[Extracted records]
-.-.-
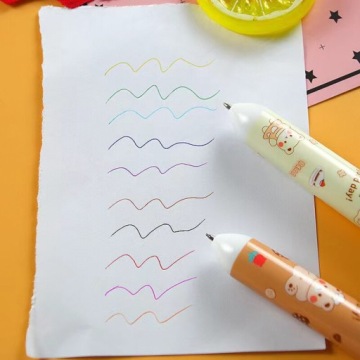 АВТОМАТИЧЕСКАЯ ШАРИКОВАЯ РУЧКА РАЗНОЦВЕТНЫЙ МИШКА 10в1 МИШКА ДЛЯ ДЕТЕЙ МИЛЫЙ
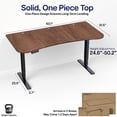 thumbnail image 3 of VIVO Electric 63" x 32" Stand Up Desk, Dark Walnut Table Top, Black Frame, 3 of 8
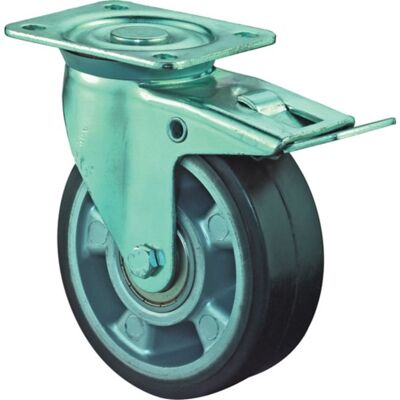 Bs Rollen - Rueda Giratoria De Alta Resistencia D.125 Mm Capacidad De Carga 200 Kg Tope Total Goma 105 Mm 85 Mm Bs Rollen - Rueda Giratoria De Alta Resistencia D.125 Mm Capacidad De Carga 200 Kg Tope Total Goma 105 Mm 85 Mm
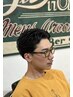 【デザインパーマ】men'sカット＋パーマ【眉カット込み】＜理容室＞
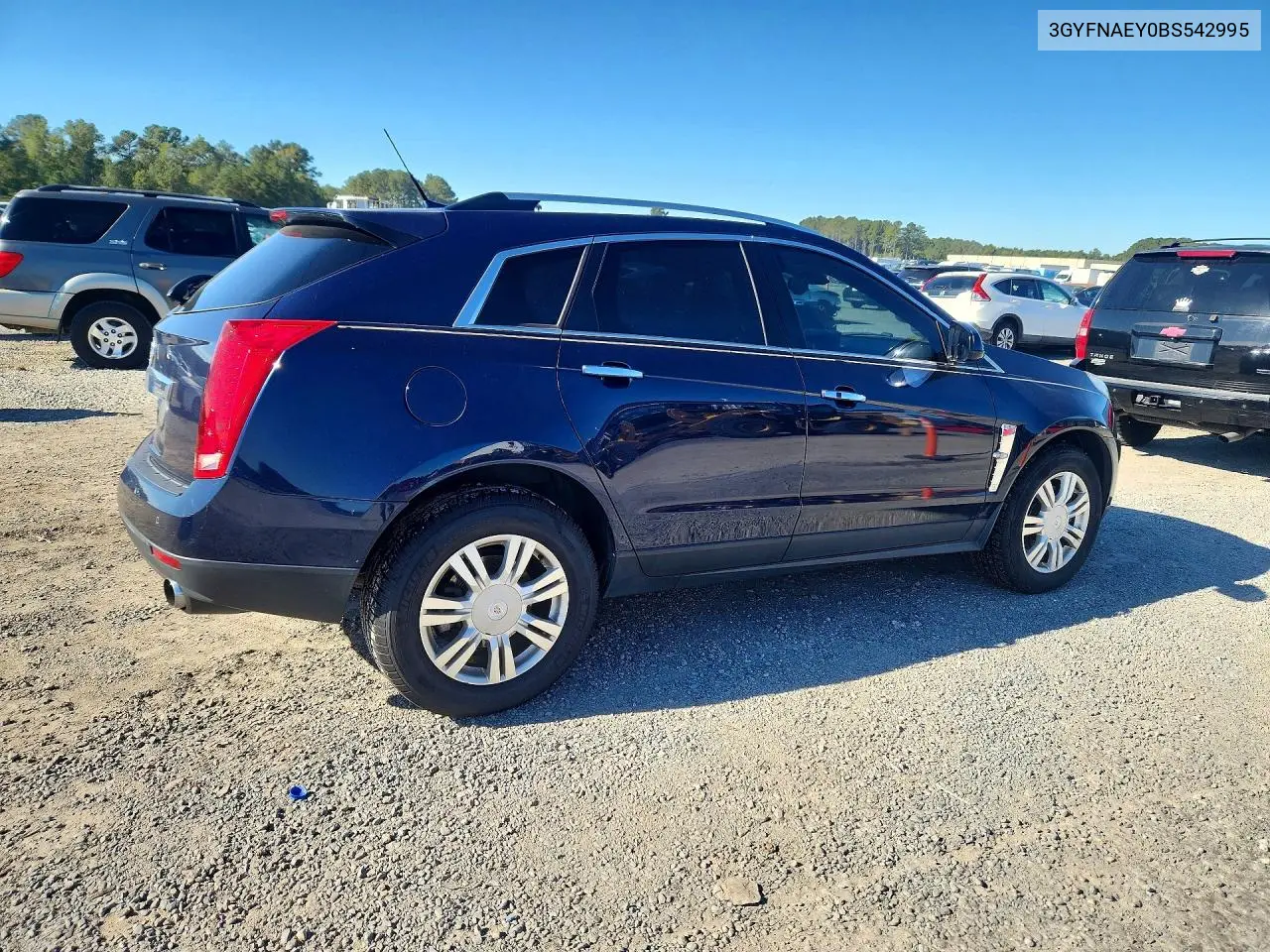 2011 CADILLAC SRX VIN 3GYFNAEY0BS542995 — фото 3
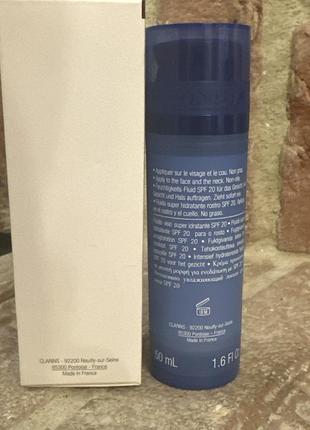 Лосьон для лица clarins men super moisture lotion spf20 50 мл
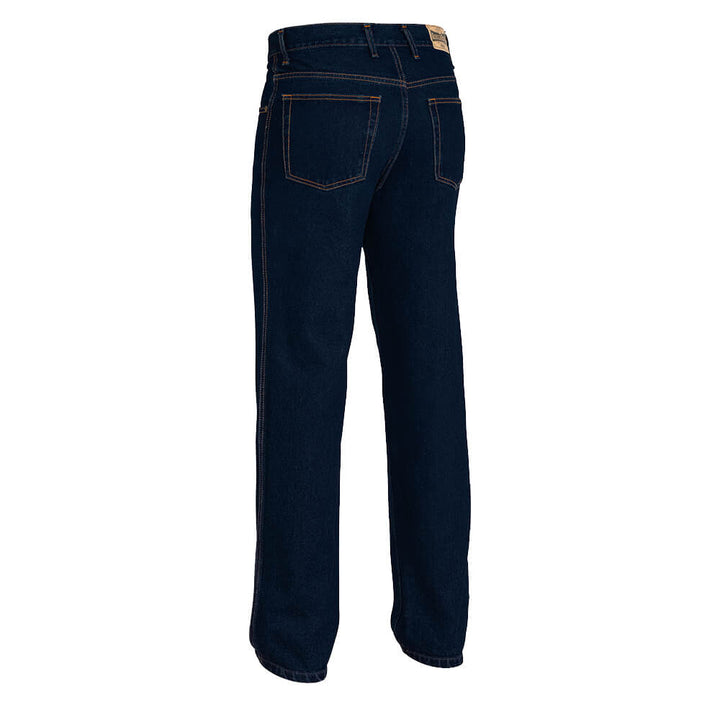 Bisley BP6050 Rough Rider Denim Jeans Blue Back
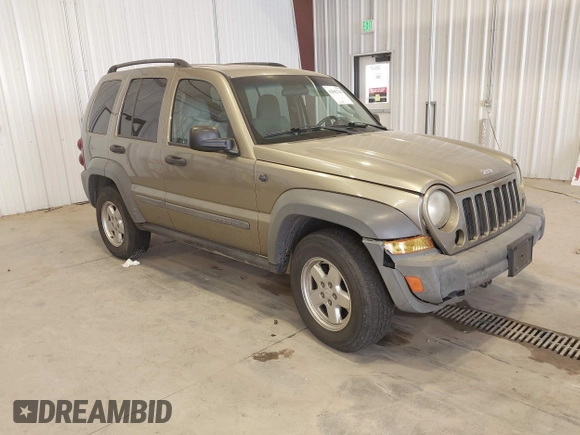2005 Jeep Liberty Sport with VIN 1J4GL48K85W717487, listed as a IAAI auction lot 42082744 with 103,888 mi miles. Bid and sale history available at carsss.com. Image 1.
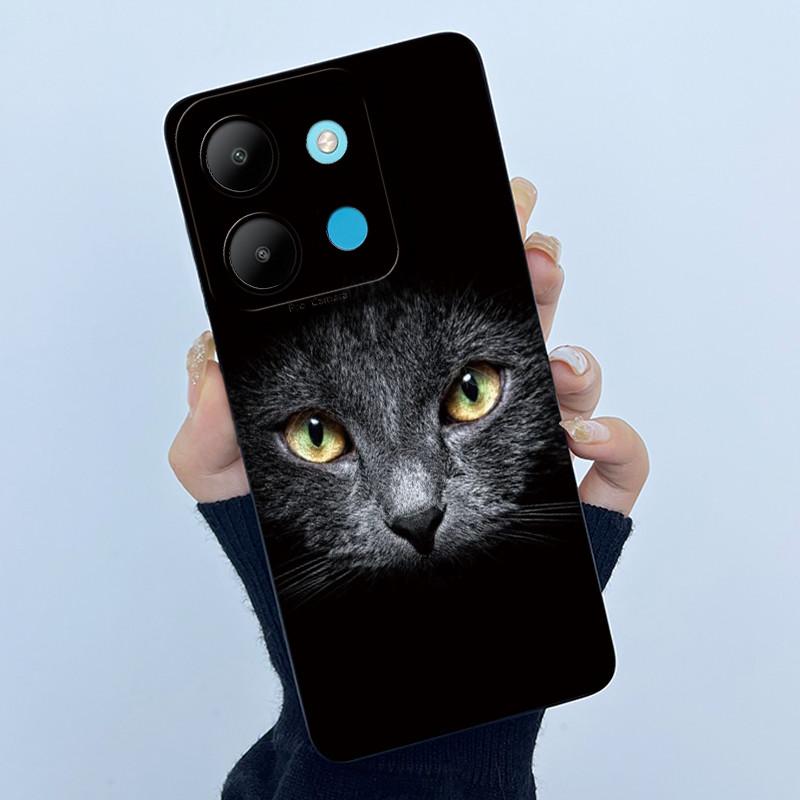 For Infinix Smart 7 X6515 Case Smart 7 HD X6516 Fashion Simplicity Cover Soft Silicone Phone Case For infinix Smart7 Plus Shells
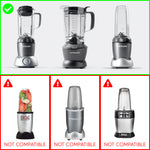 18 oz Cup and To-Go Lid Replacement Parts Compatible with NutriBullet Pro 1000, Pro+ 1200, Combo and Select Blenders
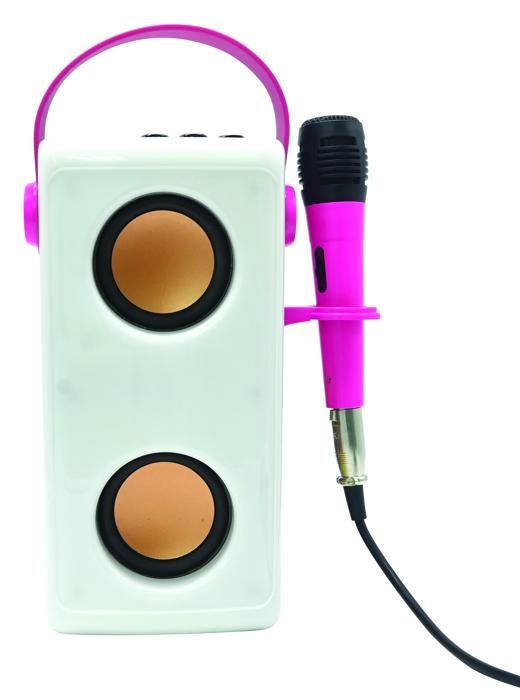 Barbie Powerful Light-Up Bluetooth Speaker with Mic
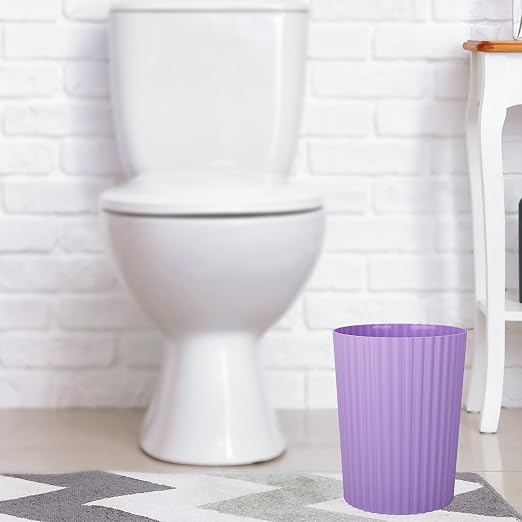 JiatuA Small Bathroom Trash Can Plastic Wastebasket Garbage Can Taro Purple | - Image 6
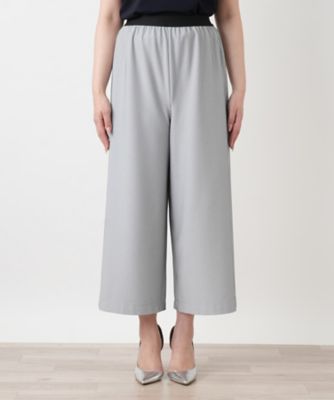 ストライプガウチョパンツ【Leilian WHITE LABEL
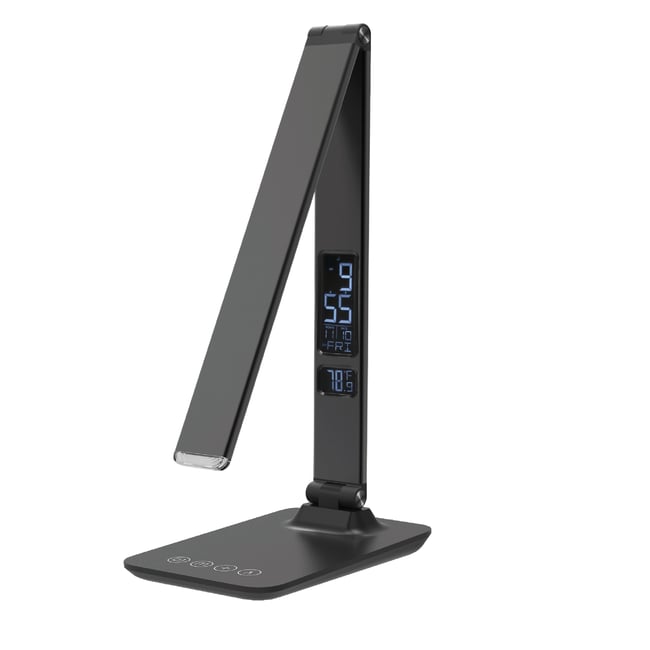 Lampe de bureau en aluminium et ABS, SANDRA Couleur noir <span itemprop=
-.-.-
• [EXERCISE AIM]: Only the lines from the one containing "Лосьон для лица" through the end of the data above are to be output, exactly and without pictures.

• [WRITTEN RESPONSE]:
 Лосьон для лица clarins men super moisture lotion spf20 50 мл
 Bisley BP6050 Rough Rider Denim Jeans Blue Back
2005 Jeep Liberty Sport with VIN 1J4GL48K85W717487, listed as a IAAI auction lot 42082744 with 103,888 mi miles. Bid and sale history available at carsss.com. Image 1.
 For Infinix Smart 7 X6515 Case Smart 7 HD X6516 Fashion Simplicity Cover Soft Silicone Phone Case For infinix Smart7 Plus Shells
 18 oz Cup and To-Go Lid Replacement Parts Compatible with NutriBullet Pro 1000, Pro+ 1200, Combo and Select Blenders
 Barbie Powerful Light-Up Bluetooth Speaker with Mic
 JiatuA Small Bathroom Trash Can Plastic Wastebasket Garbage Can Taro Purple | - Image 6
 ストライプガウチョパンツ【Leilian WHITE LABEL
 Lampe de bureau en aluminium et ABS, SANDRA Couleur noir <span itemprop=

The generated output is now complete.